Dit artikel ziet op zowel de normatieve legger als bedoeld in art. 2.39 van de Omgevingswet (vgl. definitiebepaling) als de onderhoudslegger als bedoeld in art. 78 lid 2 Waterschapswet.

De delegatie van de bevoegdheid tot het vaststellen of wijzigen van de onderhoudslegger is ook neergelegd in art. 3 van de Onderhoudsverordening HHSK.

§ 3 Slotbepalingen

Artikel 12 Voorwaarden

De voorwaarden van artikel 11 zijn geïnspireerd op artikel II aanhef en onderdelen a tot en met c Algemeen Delegatiebesluit 2005. 

In overeenstemming met de huidige praktijk schijft artikel 11 lid 4 voor dat de dijkgraaf en hoogheemraden ieder half jaar aan de verenigde vergadering rapporteren over de uitoefening van de aan hen gelegeerde bevoegdheden. Dankzij deze rapportage moet inzichtelijk worden hoe vaak de gedelegeerde bevoegdheden zijn uitgeoefend. In principe heeft deze voorwaarde betrekking op uitoefening van de bij dit besluit gedelegeerde bevoegdheden (paragraaf 2). Maar idealiter wordt in de rapportage ook melding gemaakt over de uitoefening van de bevoegdheden als bedoeld in het Delegatiebesluit Waterschapsverordening en in artikel 3 Onderhoudsverordening. Zie in dit verband ook de rapportagetabel in Bijlage III van dit besluit.
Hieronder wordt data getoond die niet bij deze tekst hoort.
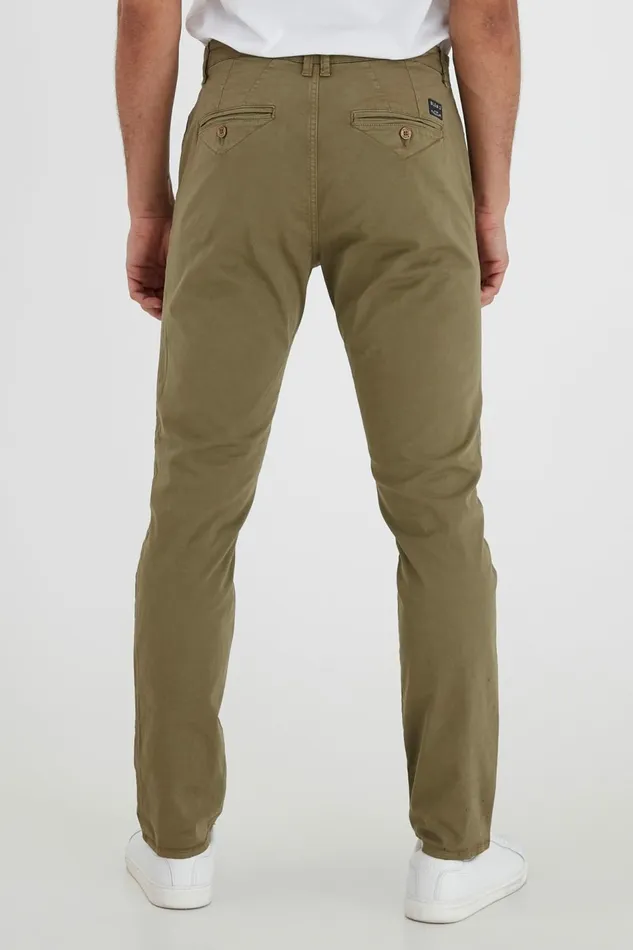 Men Blend Pants Casual Pants Martini Olive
Artikel 13 Inwerkingtreding

Het Algemeen Delegatiebesluit 2024 is een ‘besluit’ in de zin van artikel 1:3 Awb. Nadat het door de verenigde vergadering is vastgesteld, treedt het eerst in werking nadat het bekend is gemaakt door plaatsing in het Waterschapsblad (vgl. artikelen 3:40 en 3.42 Awb in samenhang met artikel 6 Bekendmakingswet).

Artikel 14 Intrekking

Door de overheveling van het bepaalde in enkele bijzondere delegatiebesluiten naar het Algemeen Delegatiebesluiten, kunnen de desbetreffende besluiten komen te vervallen. Zie ook de artikelen 4 en 9, en de transponeringstabellen in Bijlage II

Artikel 15 Citeertitel

Nieuw artikel. Het Algemeen Delegatiebesluit is zodanig vernieuwd dat een andere citeertitel passend is.